<<<<

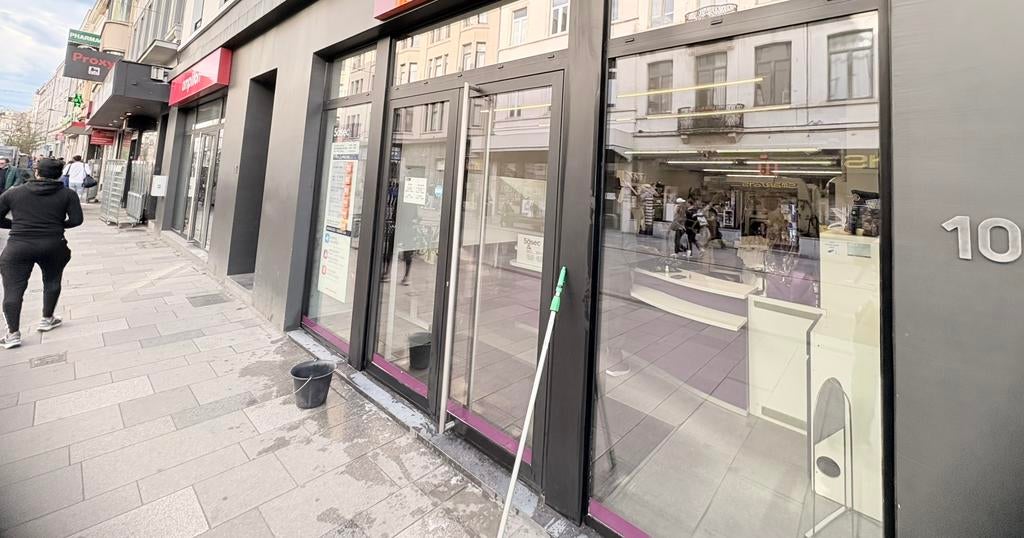 Lavage de vitre, Immo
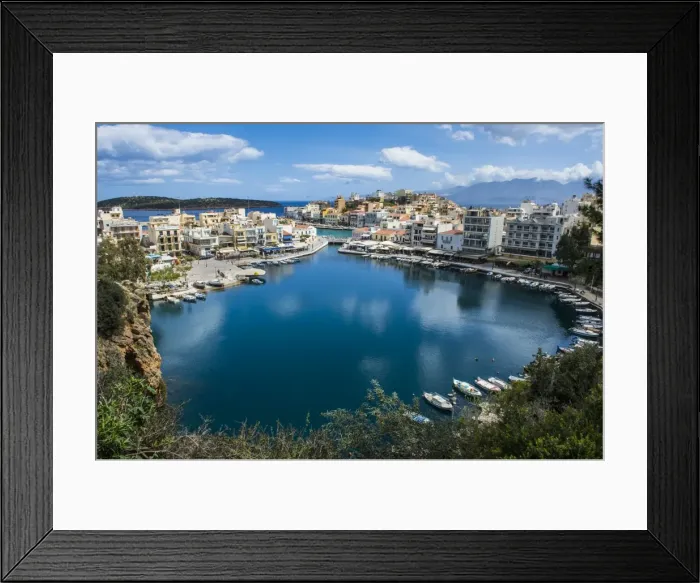 Framed Print : View over Lake Voulismeni, Agios Nikolaos, Crete, Greek Islands, Greece, Europe Framed Print : View over Lake Voulismeni, Agios Nikolaos, Crete, Greek Islands, Greece, Europe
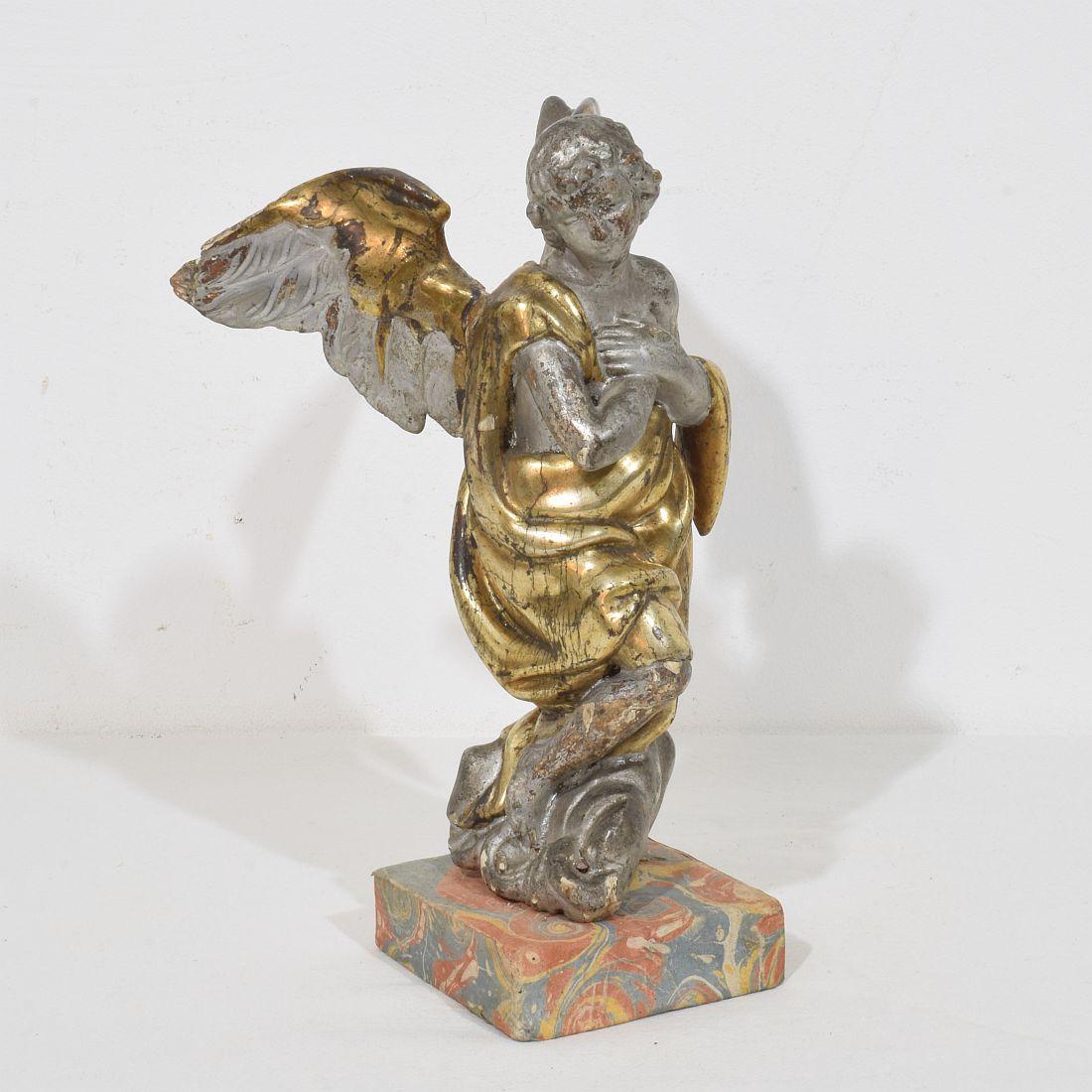 Wonderful  Hand carved winged angel.
Italy, circa 1750-1800
Weathered small losses and old repairs. 
Measurement here below inclusive the wooden base.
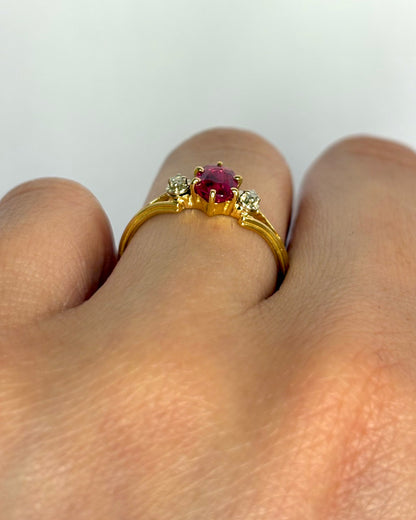 Bague Trilogie Rubis 0.38 carat &amp; Diamants "Alia"
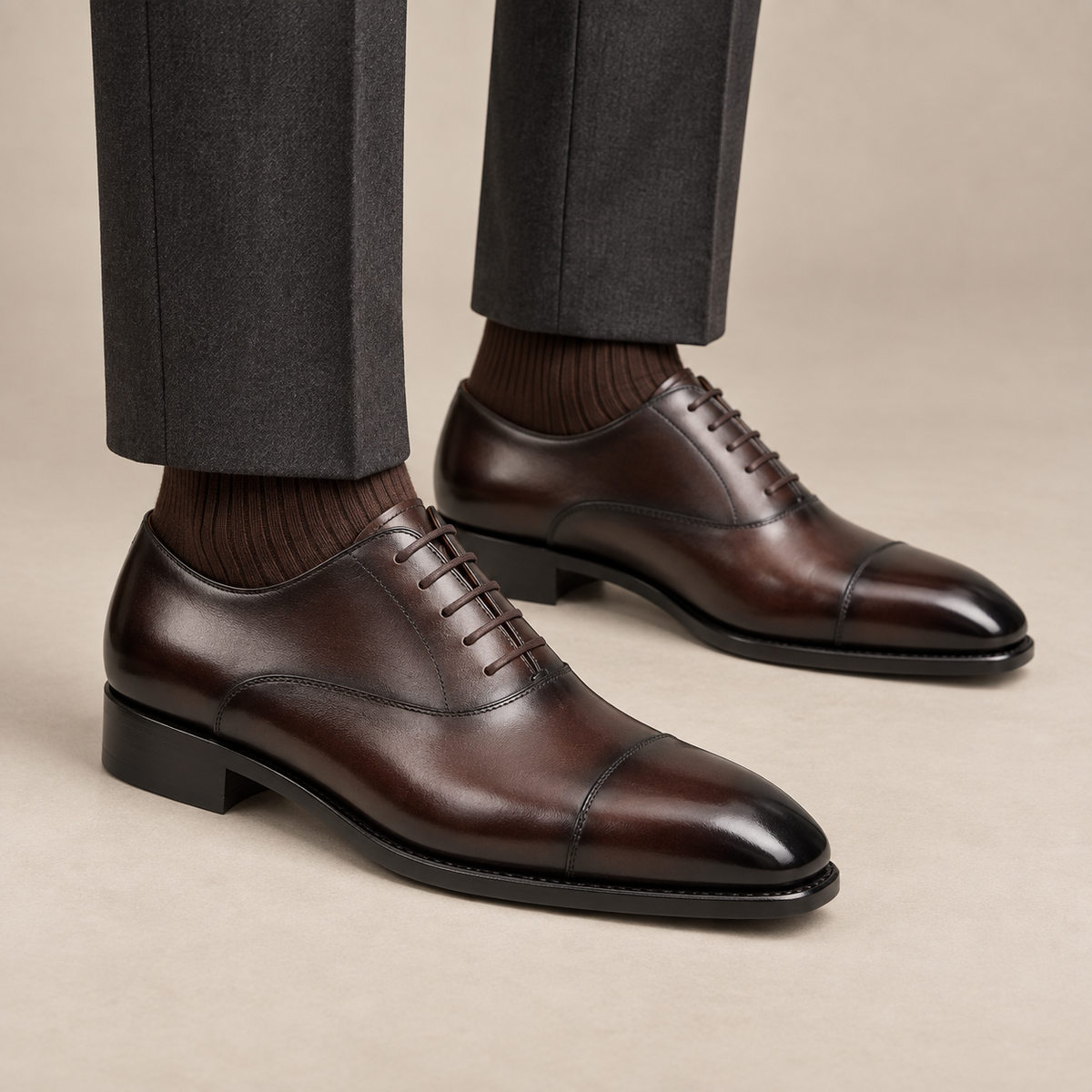 DIVINCH dark brown cap-toe Oxford shoes on foot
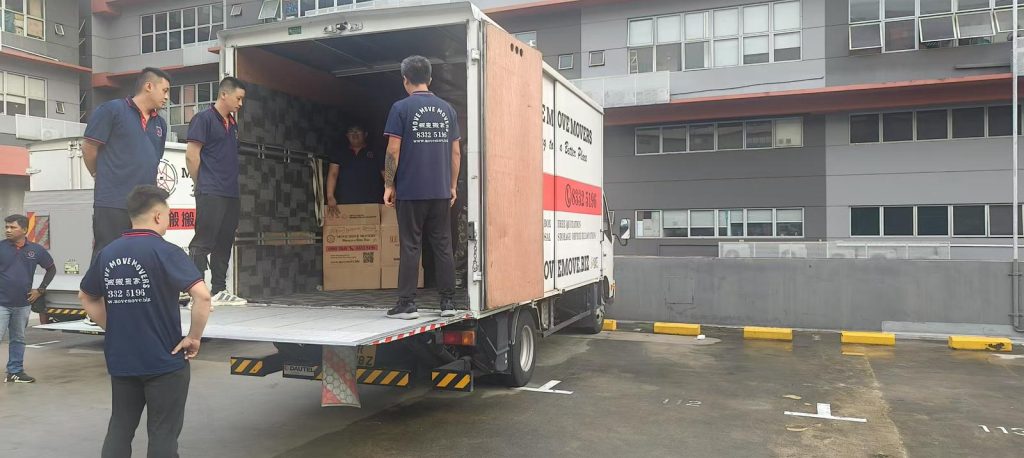 Move Move Movers: Singapore's Tailgate Moving Specialists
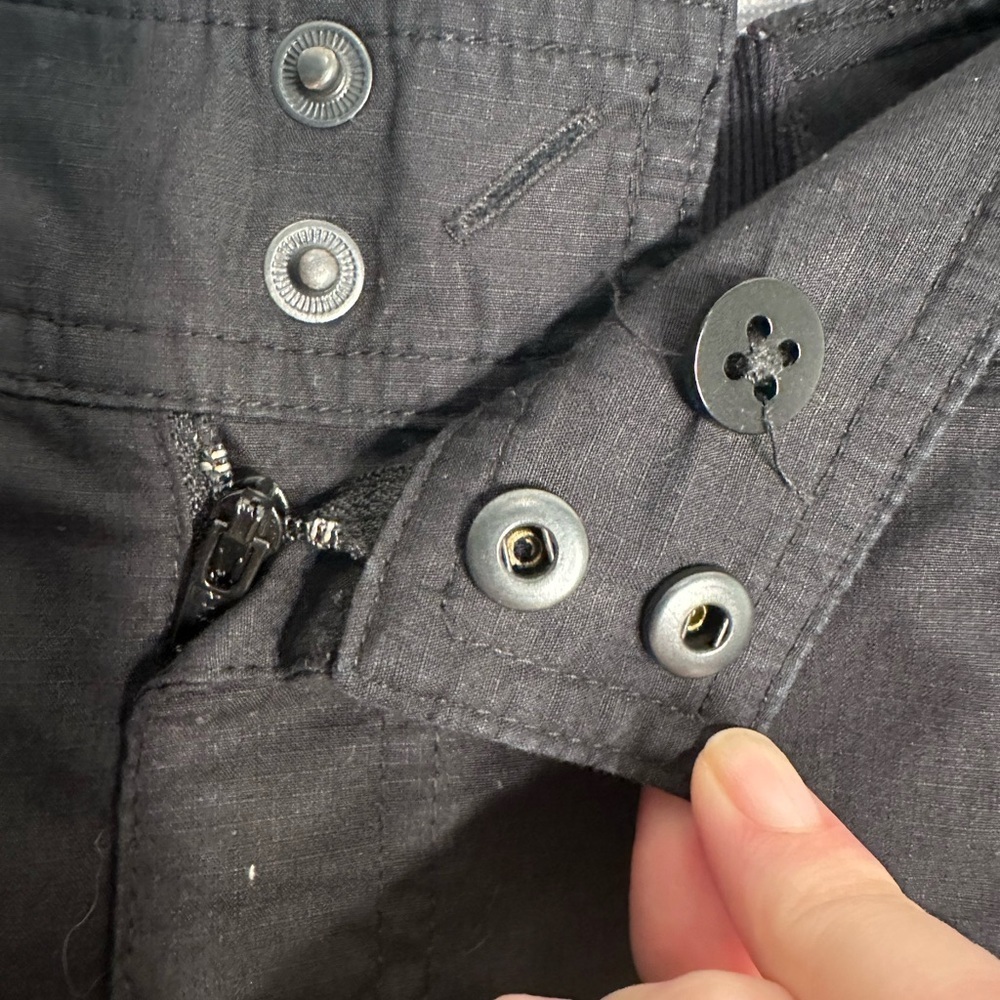 Lauren Ralph Lauren Active black utility pants. - Picture 3 of 5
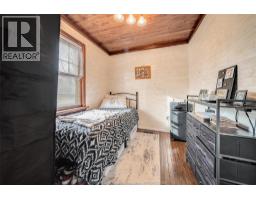8 SARAH STREET - 17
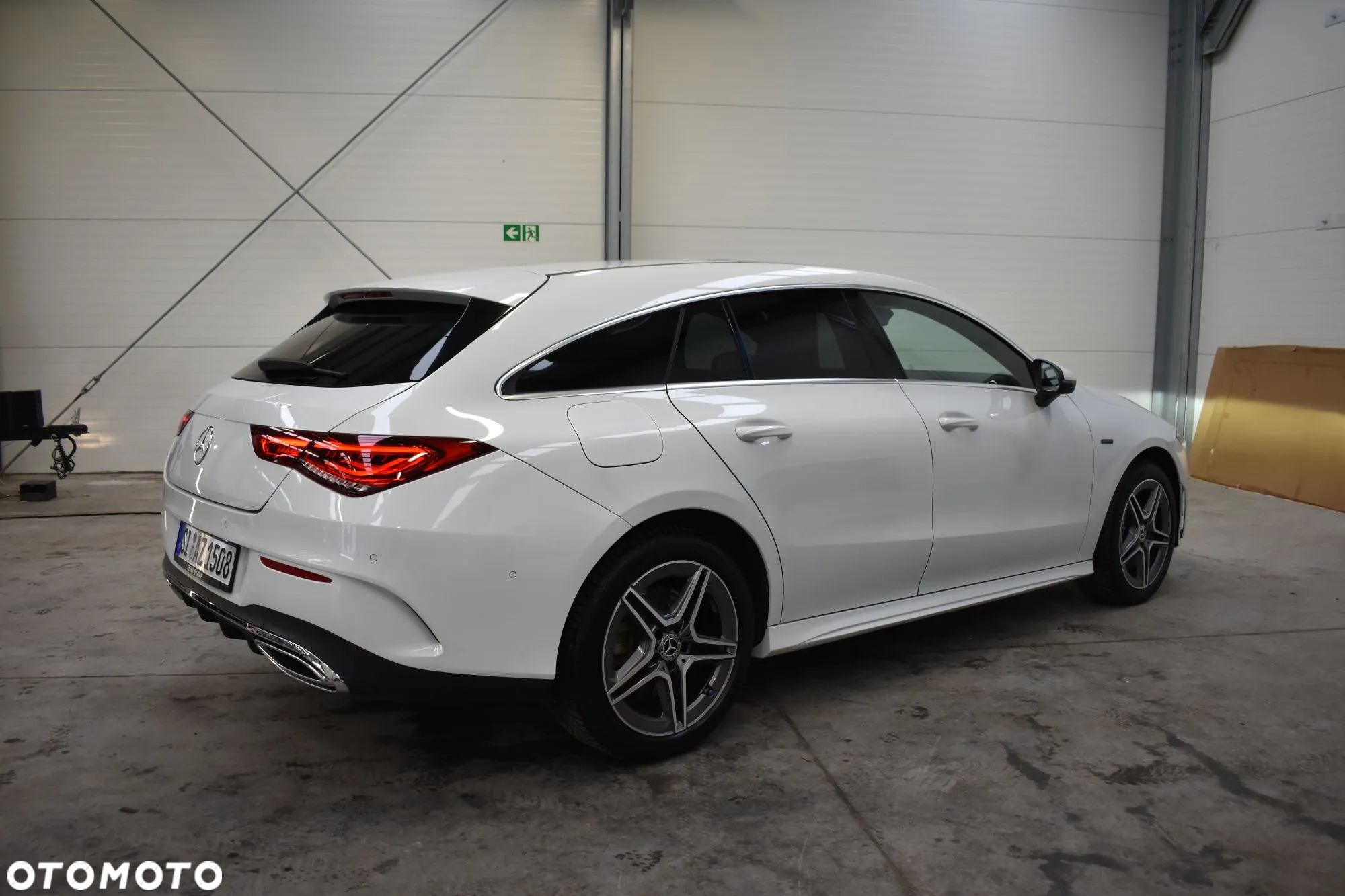 Mercedes-Benz CLA 250 E AMG Line 8G-DCT - 9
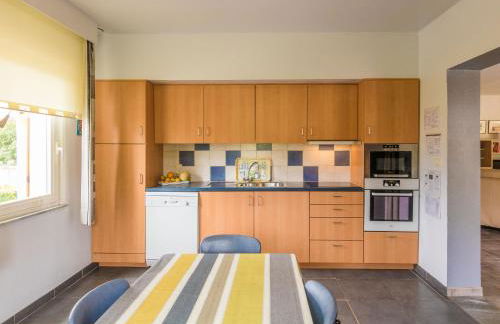 Modern holiday home with swimming pool - Foto 5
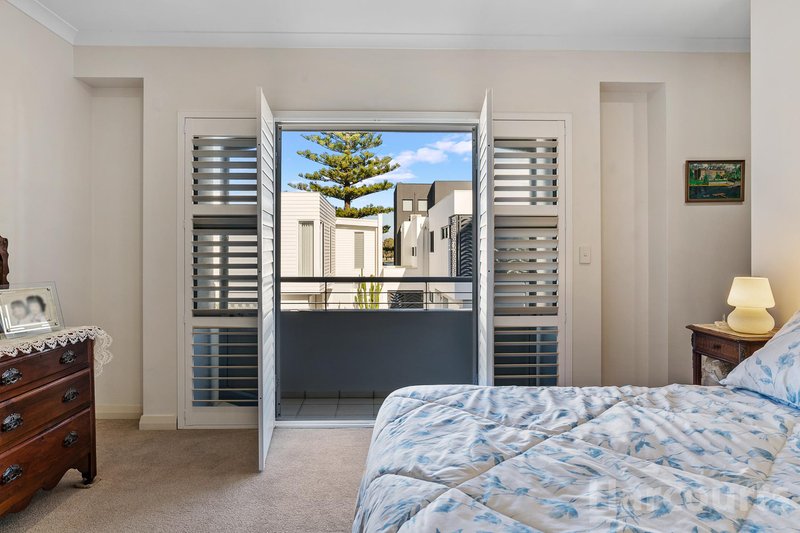 Photo - 22 Vivaldi Drive, Mandurah WA 6210 - Image 19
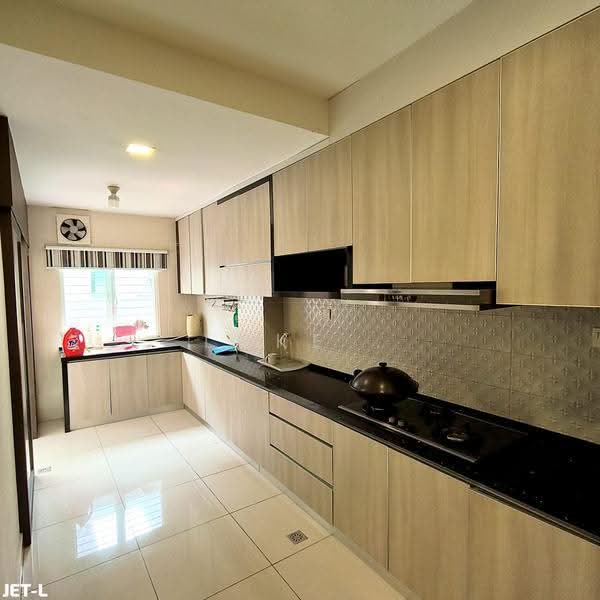 Rumah Berkembar untuk Dijual di Setia Damai (Setia Alam) - Loke . - Kitchen - PropertyGuru.com.my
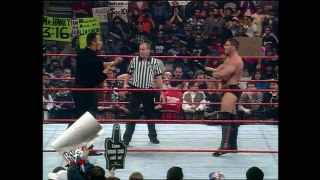 Stone Cold Stuns Shamrock and The Rock (Raw 01.05.1998)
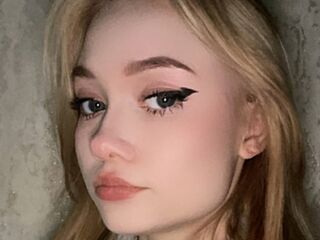 webcamgirl chat room CecilyBurnard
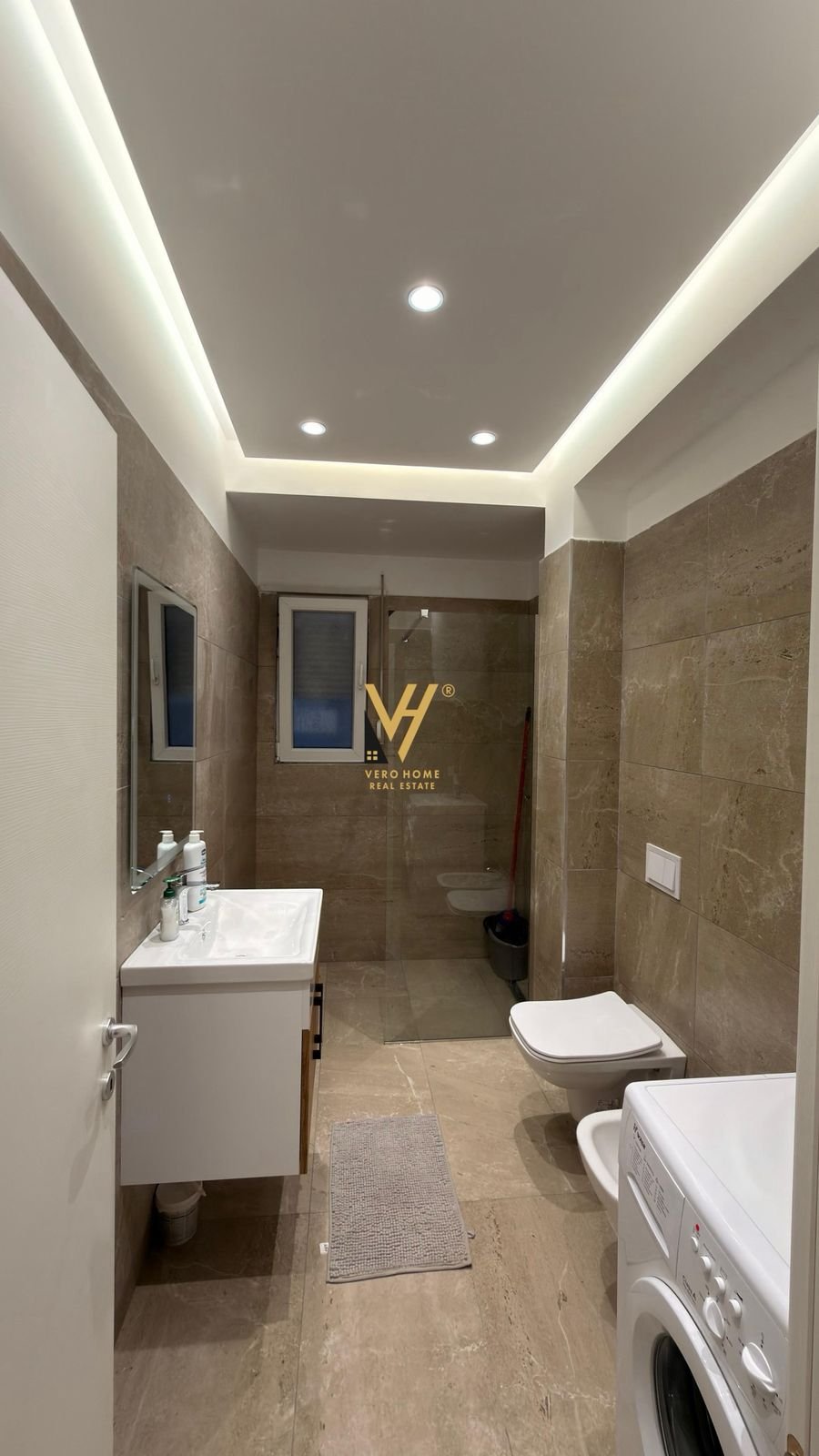 1+1+BLK ME QERA NE ASTIR 550 EURO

>>>>

§ What the task requires:
Output all of the listing above, exactly as given, but without its pictures.

§ Result below:
 Lavage de vitre, Immo
 Framed Print : View over Lake Voulismeni, Agios Nikolaos, Crete, Greek Islands, Greece, Europe Framed Print : View over Lake Voulismeni, Agios Nikolaos, Crete, Greek Islands, Greece, Europe
 Wonderful  Hand carved winged angel.
Italy, circa 1750-1800
Weathered small losses and old repairs. 
Measurement here below inclusive the wooden base.
 Bague Trilogie Rubis 0.38 carat &amp; Diamants "Alia"
 DIVINCH dark brown cap-toe Oxford shoes on foot
 Move Move Movers: Singapore's Tailgate Moving Specialists
 Lauren Ralph Lauren Active black utility pants. - Picture 3 of 5
8 SARAH STREET - 17
 Mercedes-Benz CLA 250 E AMG Line 8G-DCT - 9
 Modern holiday home with swimming pool - Foto 5
 Photo - 22 Vivaldi Drive, Mandurah WA 6210 - Image 19
 Rumah Berkembar untuk Dijual di Setia Damai (Setia Alam) - Loke . - Kitchen - PropertyGuru.com.my
 Stone Cold Stuns Shamrock and The Rock (Raw 01.05.1998)
 webcamgirl chat room CecilyBurnard
 1+1+BLK ME QERA NE ASTIR 550 EURO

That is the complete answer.